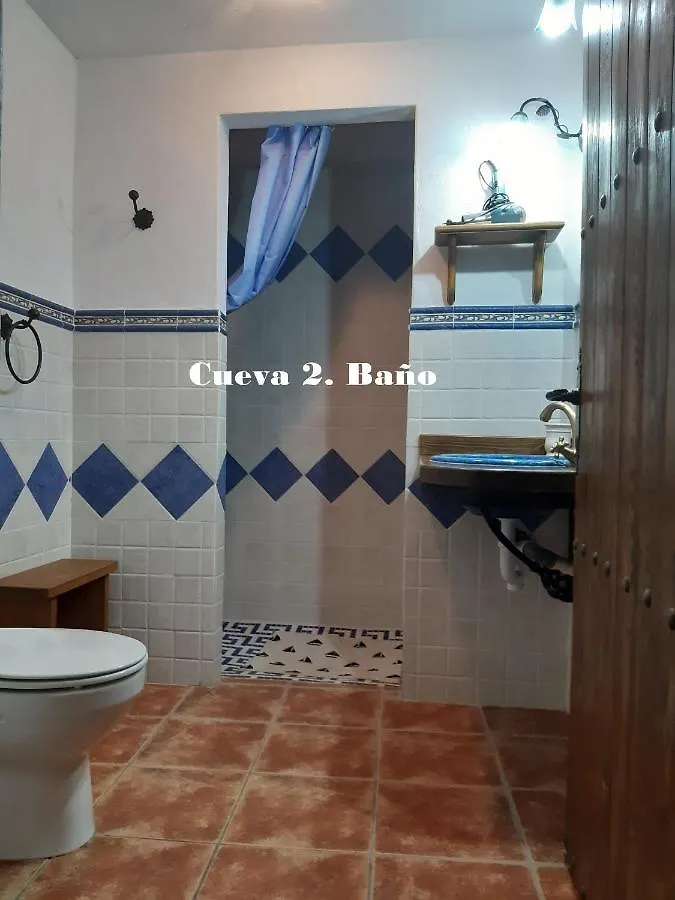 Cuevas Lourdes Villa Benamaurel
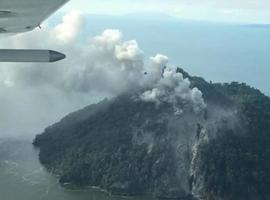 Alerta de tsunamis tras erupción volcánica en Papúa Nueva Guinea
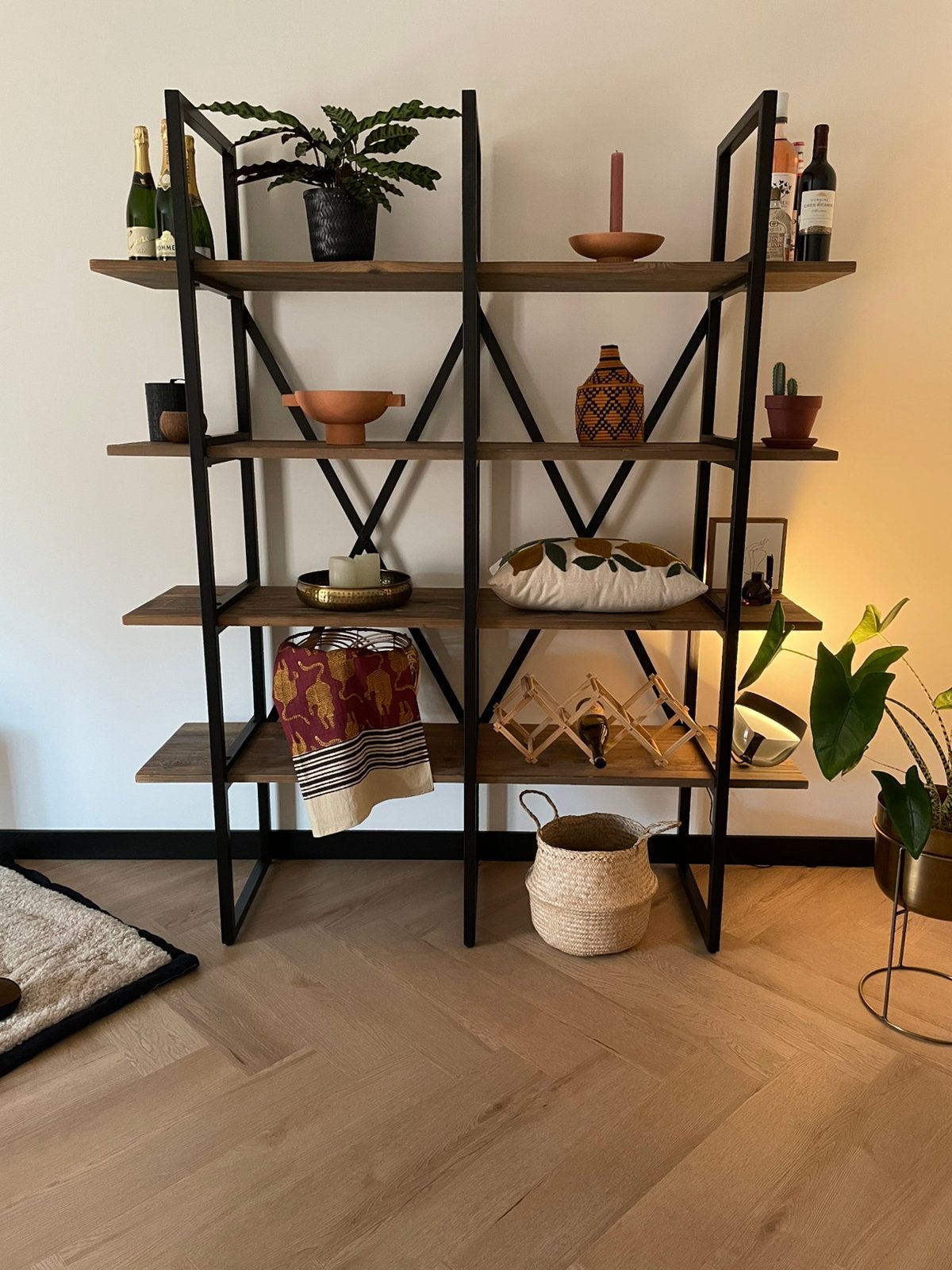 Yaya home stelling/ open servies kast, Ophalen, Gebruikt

==

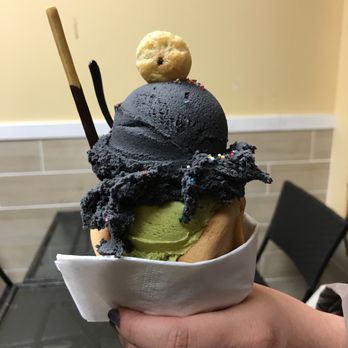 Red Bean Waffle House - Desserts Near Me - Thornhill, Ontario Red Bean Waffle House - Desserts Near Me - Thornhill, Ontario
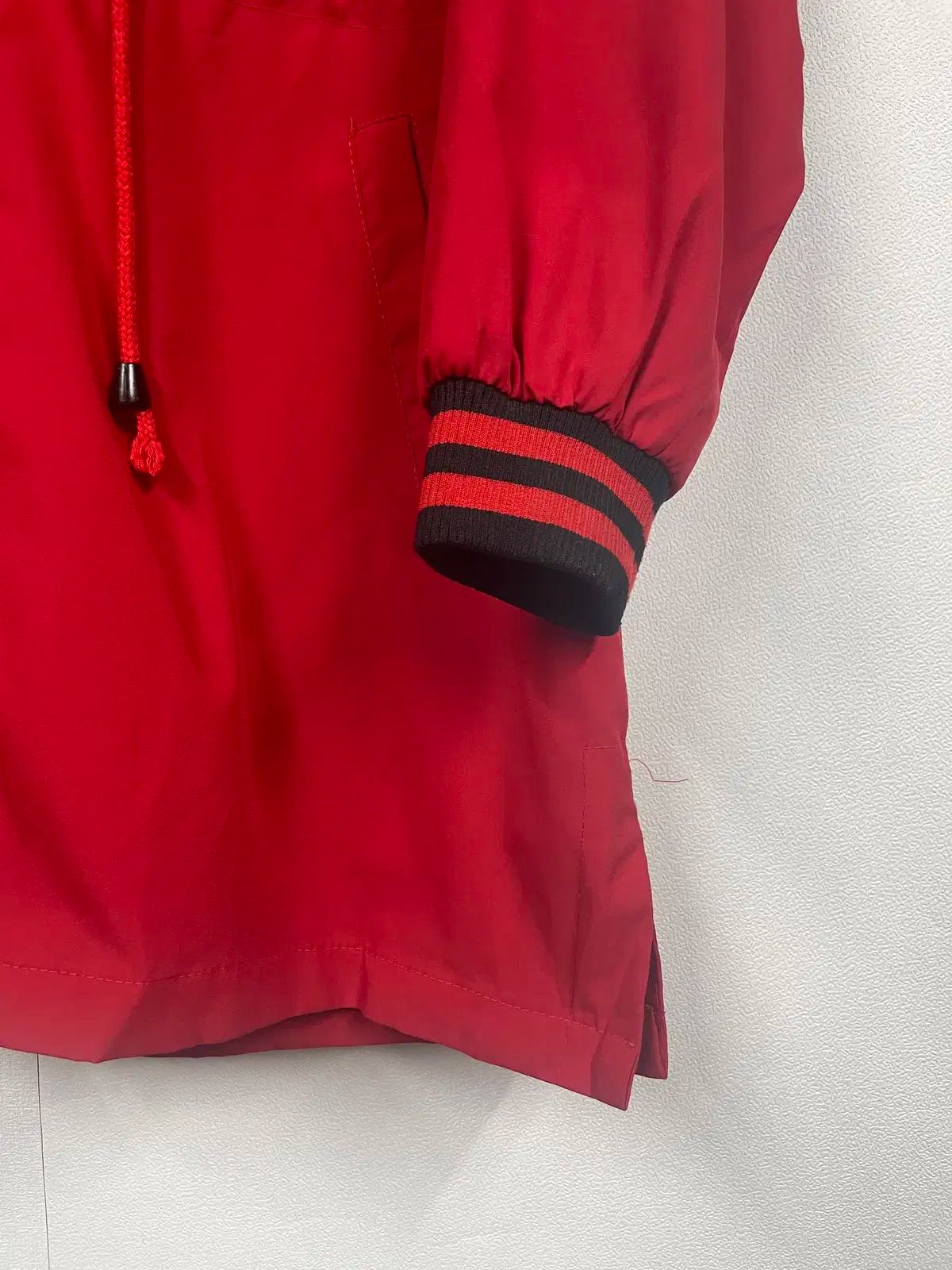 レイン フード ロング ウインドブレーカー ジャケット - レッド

* * *

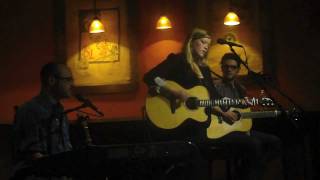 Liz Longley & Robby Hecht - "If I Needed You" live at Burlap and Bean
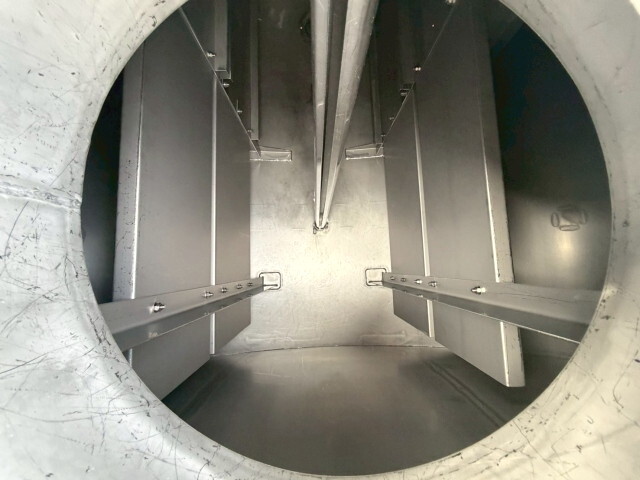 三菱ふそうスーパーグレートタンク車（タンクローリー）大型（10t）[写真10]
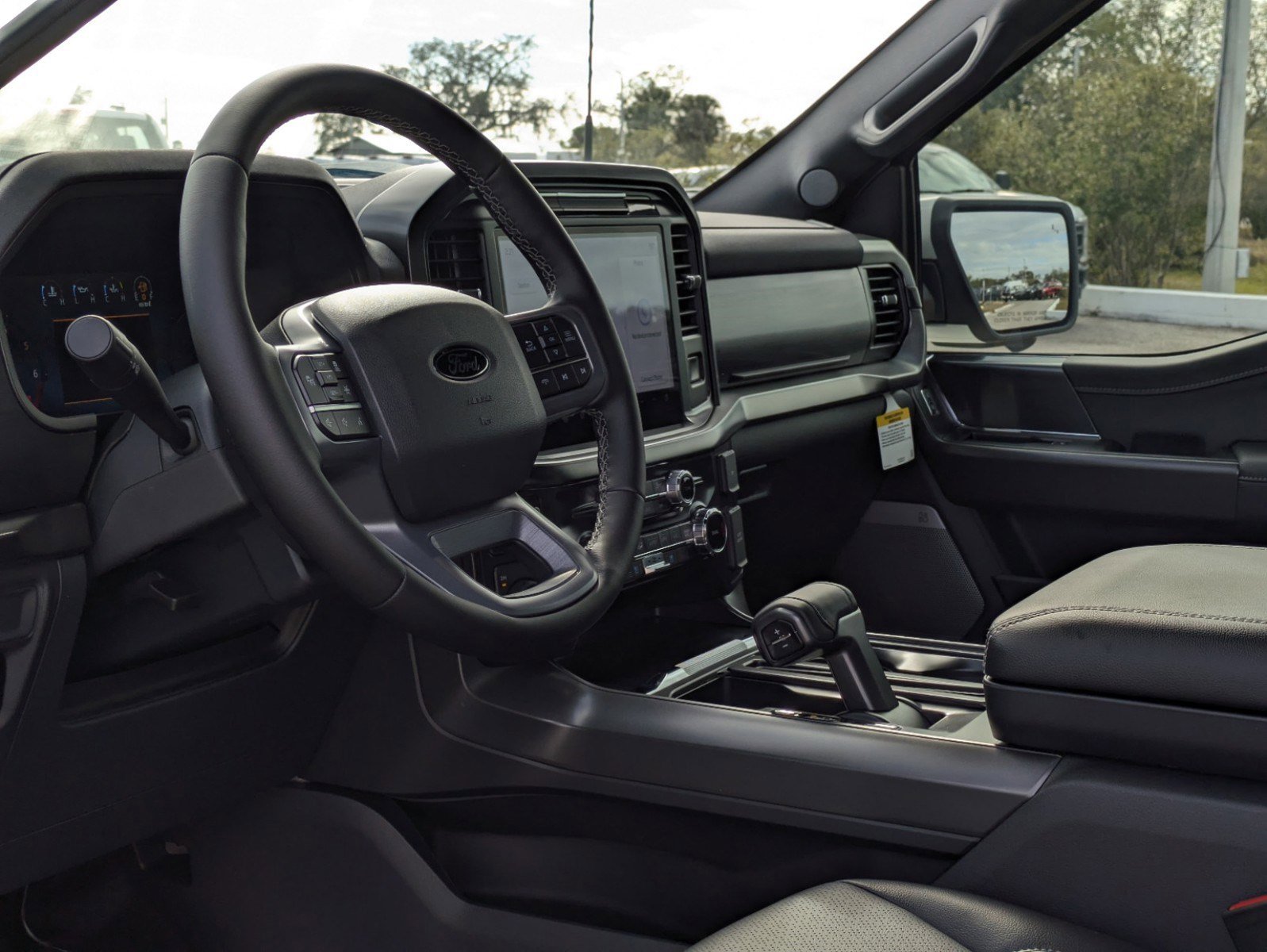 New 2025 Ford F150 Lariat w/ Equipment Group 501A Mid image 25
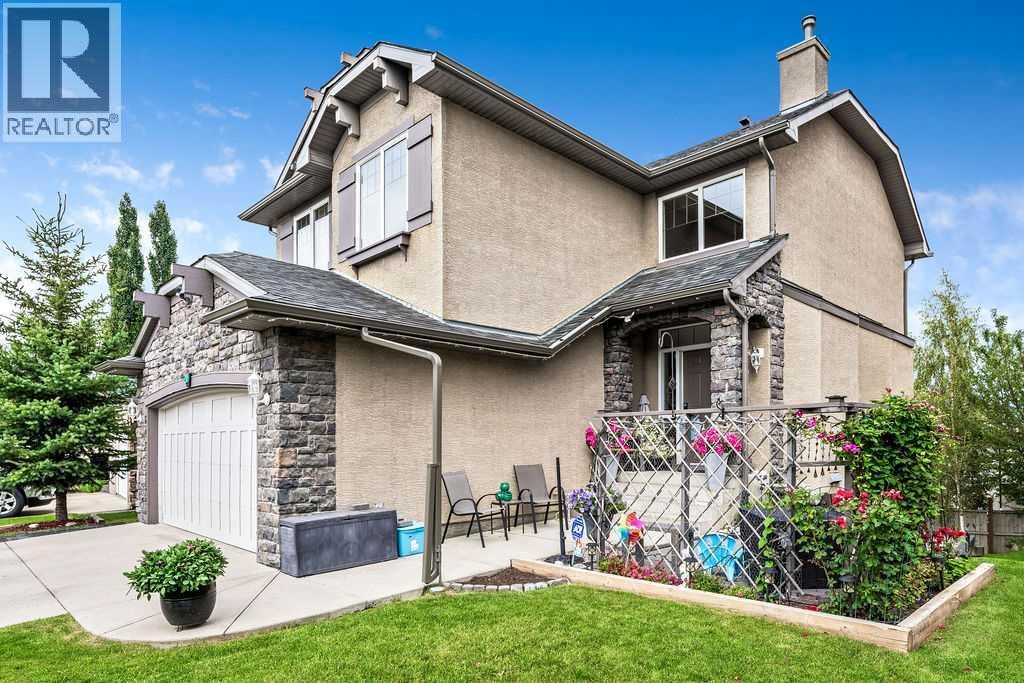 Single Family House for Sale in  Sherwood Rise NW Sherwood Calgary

Task item: In the listing above, find the line containing "Liz Longley &". Output it and every line after it up to and including the line containing "Single Family House", exactly, but skip the pictures.

Response below:
 Liz Longley & Robby Hecht - "If I Needed You" live at Burlap and Bean
 三菱ふそうスーパーグレートタンク車（タンクローリー）大型（10t）[写真10]
 New 2025 Ford F150 Lariat w/ Equipment Group 501A Mid image 25
 Single Family House for Sale in  Sherwood Rise NW Sherwood Calgary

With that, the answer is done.